In this module we provide very small samples of data to help users validate some functions.

The 3 small data sets are:

  • Tick data (2011/07/31 - 2011/07/31)

  • Dollar Bars Data Structure (2015/01/01 - 2015/01/29)

  • ETF Dataset (2008 - 2016)

Tick Data

MlFinLab provides a sample (2011/07/31 - 2011/07/31) of tick data for E-Mini S&P 500 futures which can be used to test bar compression algorithms, microstructural features, etc. Tick data sample consists of Timestamp, Price and Volume.

load_tick_sample() DataFrame

Loads E-Mini S&P 500 futures tick data sample.

Returns:

(pd.DataFrame) Frame with tick data sample.

Dollar Bars

We also provide a sample (2015/01/01 - 2015/01/29) of dollar bars for E-Mini S&P 500 futures.

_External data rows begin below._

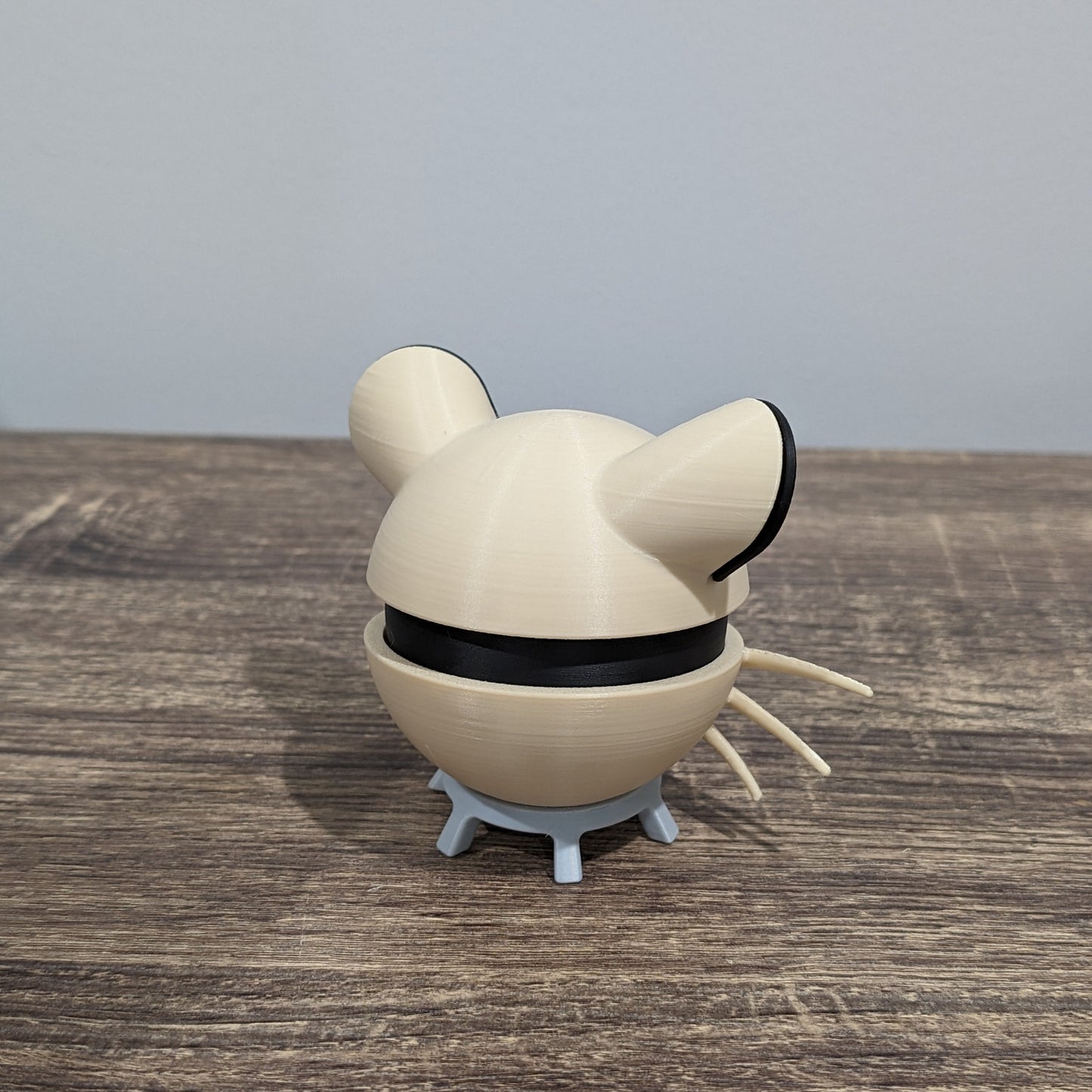 Persian Poke Ball | 3D Printed Display Ball
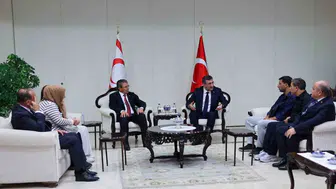KKTC'deki Filo Jet faciasında kaybolanların aileleri Lefkoşa'da devlet yetkilileriyle buluştu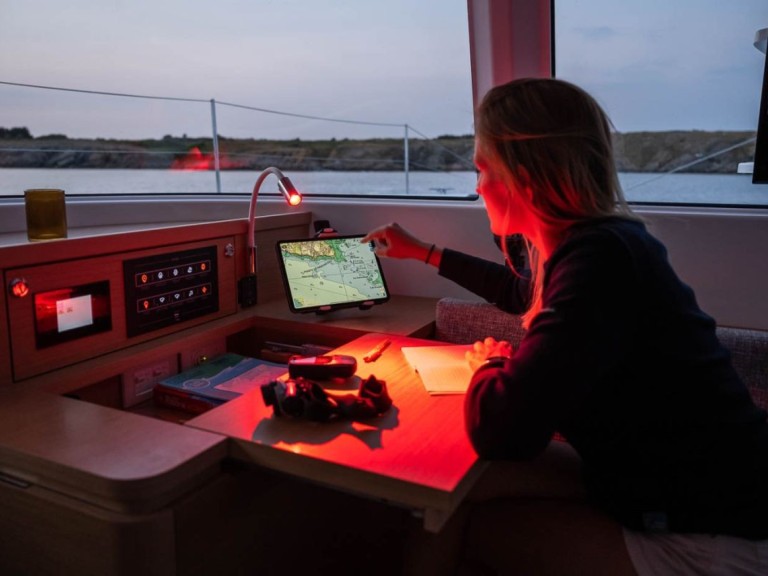 Louer Catamaran avec ou sans skipper Excess à Saint-Mandrier-sur-Mer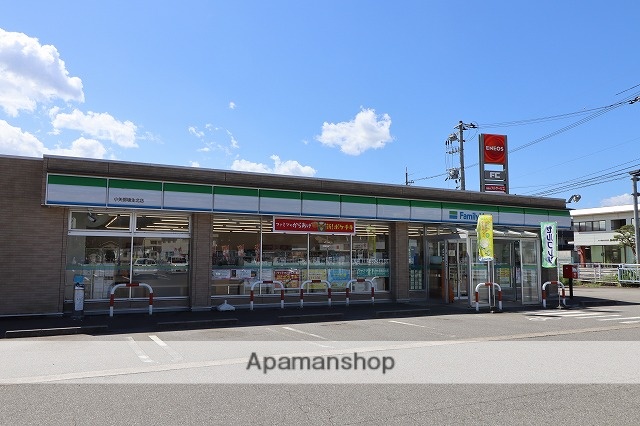 コンビニ　ファミリーマート（コンビニ）まで580m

Data set structure:

  • Open price (open)

  • High price (high)

  • Low price (low)

  • Close price (close)

  • Volume (cum_volume)

  • Dollar volume traded (cum_dollar)

  • Number of ticks inside of bar (cum_ticks)

Tip

You can find more information on dollar bars and other bar compression algorithms in Data Structures

load_dollar_bar_sample() DataFrame

Loads E-Mini S&P 500 futures dollar bars data sample.

Returns:

(pd.DataFrame) Frame with dollar bar data sample.

ETF Prices

The data set consists of close prices for:
  • EEM, EWG, TIP, EWJ, EFA, IEF, EWQ, EWU, XLB, XLE, XLF, LQD, XLK, XLU, EPP, FXI, VGK, VPL, SPY, TLT, BND, CSJ, DIA

  • From 2008 till 2016.

It can be used to test and validate portfolio optimization techniques.

load_stock_prices() DataFrame

Loads stock prices data sets consisting of EEM, EWG, TIP, EWJ, EFA, IEF, EWQ, EWU, XLB, XLE, XLF, LQD, XLK, XLU, EPP, FXI, VGK, VPL, SPY, TLT, BND, CSJ, DIA starting from 2008 till 2016.

Returns:

(pd.DataFrame) The stock_prices data frame.

Example Code

from mlfinlab.datasets import (load_tick_sample, load_stock_prices, load_dollar_bar_sample)

tick_df = load_tick_sample()
dollar_bars_df = load_dollar_bar_sample()
stock_prices_df = load_stock_prices()